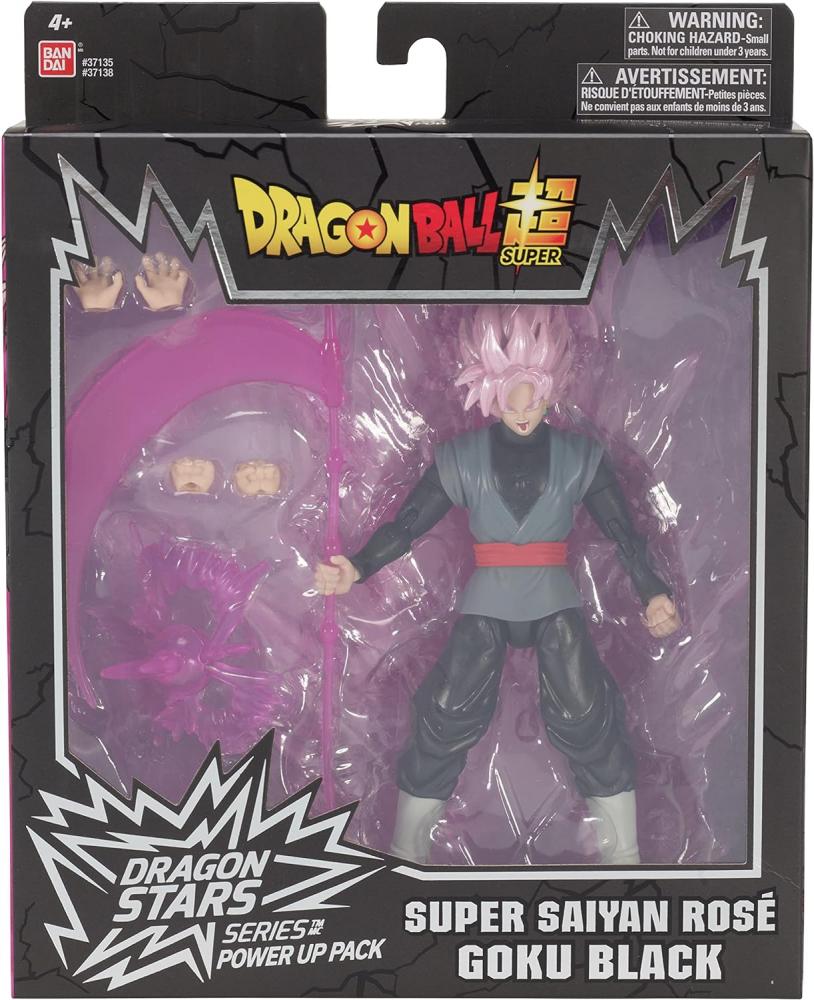 Dragon Ball Super Dragon Stars Power Up Pack Goku Black Rose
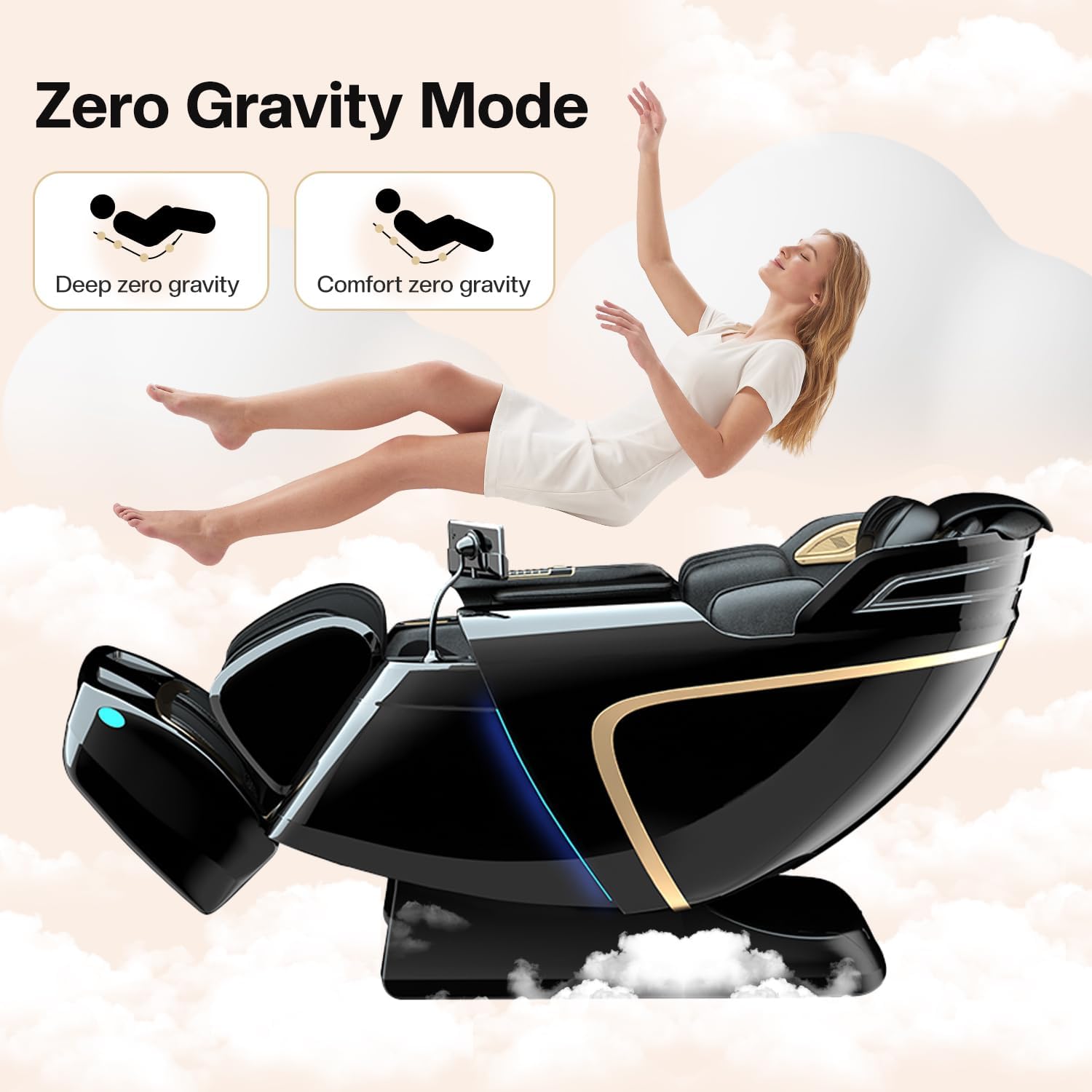 4D Zero Gravity Massage Chair 52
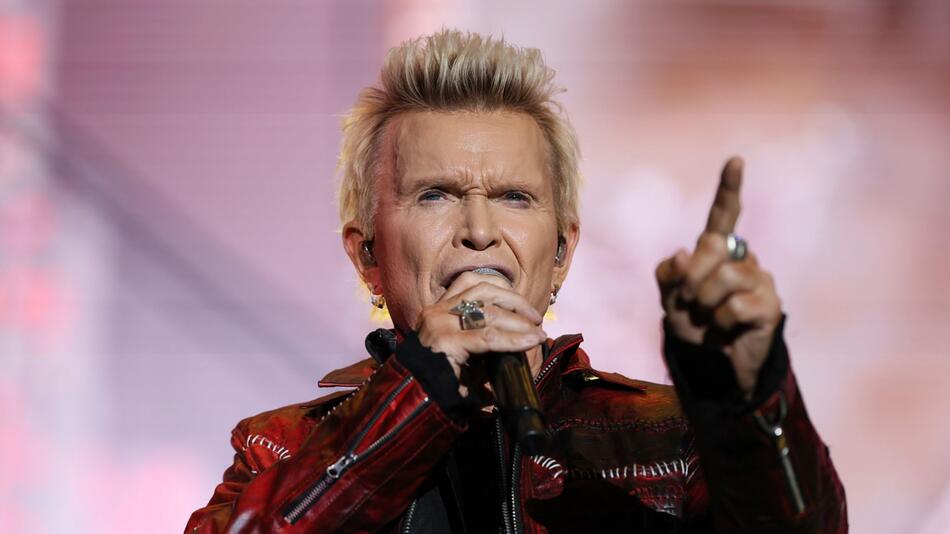 Träume, Exzesse und Enttäuschungen: Billy Idol blickt zurück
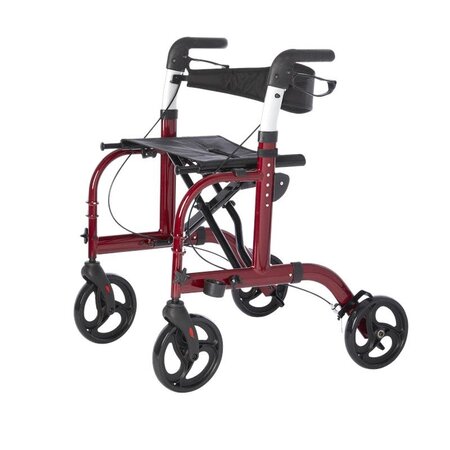 Rhythm Healthcare Translator - Rollator / Transport Wheelchair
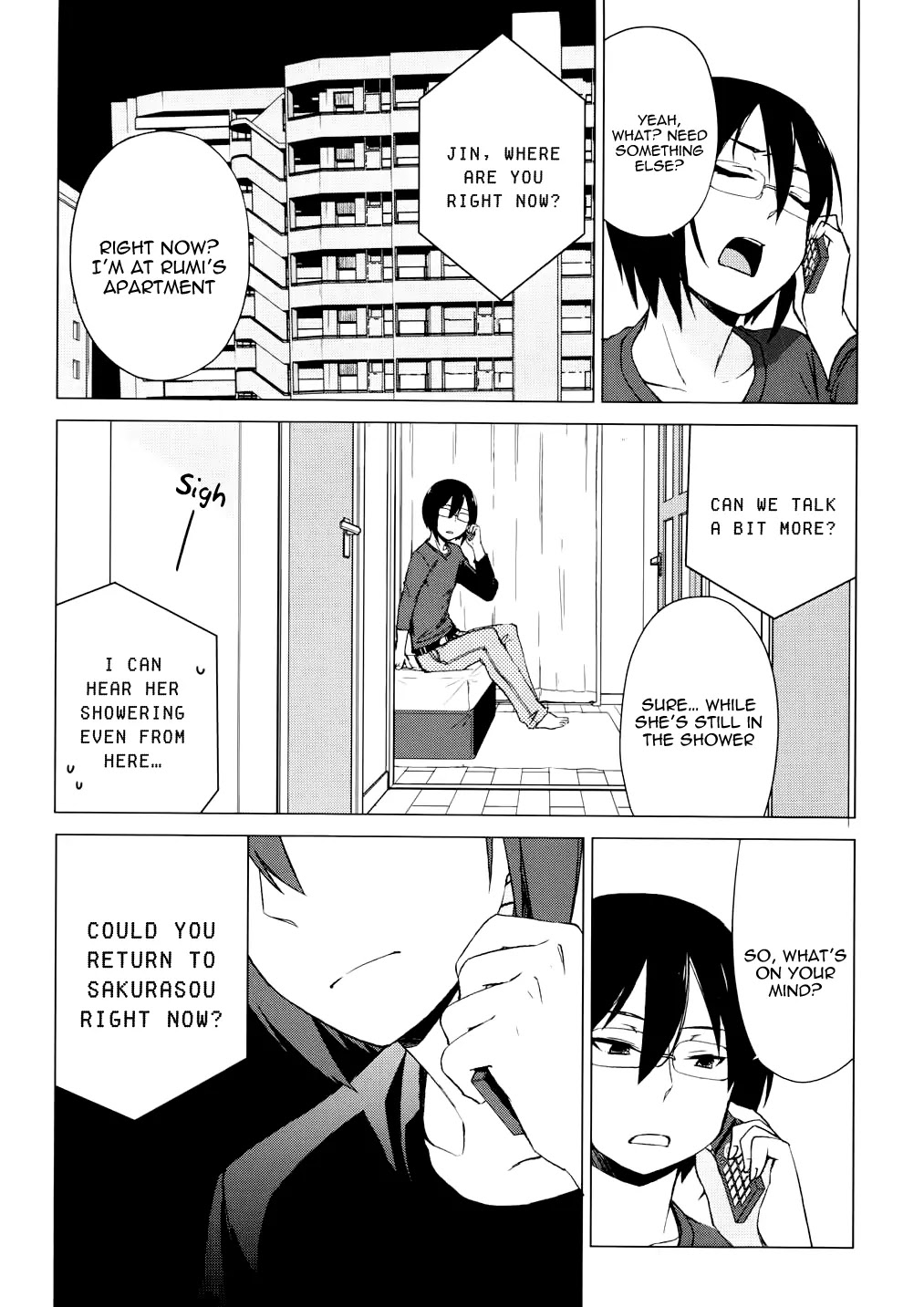 Sakurasou no Pet na Kanojo chapter 10 page 11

==============================

• **Description of the task**: Render the records above word for word and leave the pictures out.

• **Exercise answer**:
 Dragon Ball Super Dragon Stars Power Up Pack Goku Black Rose
 4D Zero Gravity Massage Chair 52
 Träume, Exzesse und Enttäuschungen: Billy Idol blickt zurück
 Rhythm Healthcare Translator - Rollator / Transport Wheelchair
 Sakurasou no Pet na Kanojo chapter 10 page 11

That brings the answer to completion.